A framework provides a mechanism to rapidly build certain types of applications. Frameworks exist for business software, web software, games and more. A toolset is a collection of simple and easy to use tools to help build software. How are these different and why does it matter?
A framework takes control. It controls the overall program flow and what it can do. You configure it or provide code for custom sections and it works. It’s intended to save time. They are built like most programs, at least how beginners program. Beginner programmers examine a problem and find common patterns. They build this then create sections that can be interchanged to handle the rest. This is normal and reflects a typical thought process.
A toolset is far simpler. Toolsets don’t take control, instead you use them however you want. They provide flexibility.
Between the two, which is the better approach? Frameworks ultimately fail for several good reasons. First, projects are never the same. Each project has their own set of requirements and they don’t always fit nicely inside of a framework. Inexperienced folk find something that mostly matches their requirements. They do the majority of their project easily but often get stuck on the rest. Sometimes the framework can be expanded to ensure a project will work. Framework developers add more features for this purpose. The framework becomes increasingly more complex. New developers have to learn this new framework before writing an application in it. This barrier to entry has to be balanced with any time savings. This is but one problem and not the most important.
Frameworks ultimately become overly complex as they age. As they grow more complex, it takes more work to program in them. They inevitably reach the point where it takes just as many lines of code to write an application in a framework as it would to write it in native code. This is the ultimate death blow for any framework because it no longer saves time. Additionally it runs far slower than native code because it has a large overhead.

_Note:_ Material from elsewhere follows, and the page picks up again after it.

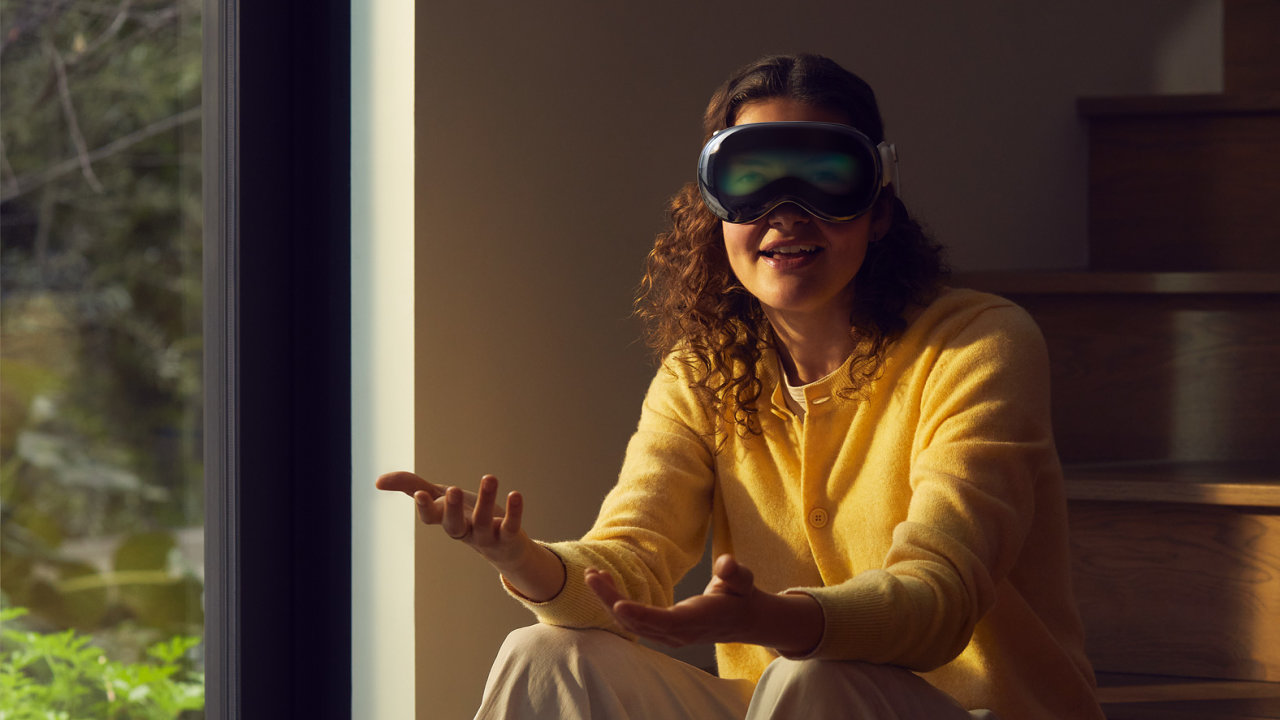 Apple Vision Pro slibuje propojení reality a virtuálních svìtù.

The last problem with frameworks is that they eventually are abandoned by their creators. Imagine spending ten years developing an application only for your framework to be rendered useless. Many developers and companies fall into this trap.
So why do programmers use frameworks? Many reasons have been proposed but in reality it is because new programmers think that way. There are far too many unskilled programmers. Given time and effort, programmers transition to toolsets.
Skilled programmers examine problems differently. During planning they identify tools needed and start by building them. Tools eventually grow more complex then are used to create the final product. They build their tools atop other toolsets. Toolsets are quick to learn and use. They are simple and generally better debugged. They follow the natural flow of the technology rather than the arbitrary control of a framework. This gives the programmer more options when programming.
Despite all this, some programmers still insist on using frameworks. They claim that a framework ensures code is uniform and secure. They may feel that enforcing standards ensures code is better. Standards are commonly used and represent a framework for code. It has the same limits as all frameworks. Some frameworks handle things like security, but that only lasts until a programmer unintentionally makes a backdoor. If your programmers aren’t good enough to handle program security then you need better programmers. Code uniformity requires a bit more explanation.
Patterns exist in programs, such as MVC (Model View Controller), client-server and so on. Programmers naturally recognized these patterns and organized their code to fit within them. This is alright, but along the way they start forcing all code into these patterns. There will always be things that don’t fit into any pattern. Many programmers have a belief that following simple patterns makes code better. Unfortunately that is not the case. A bad programmer will find new and creative ways to mess up even the most well intentioned organization. A good programmer makes good code regardless of the pattern. Any arbitrary code organization can never improve the quality of code. A pattern is nothing but a framework after all.
In conclusion, frameworks are generally used by less skilled programmers. As skill grows, programmers transition to toolsets. In the end, flexibility and adaptability usually win.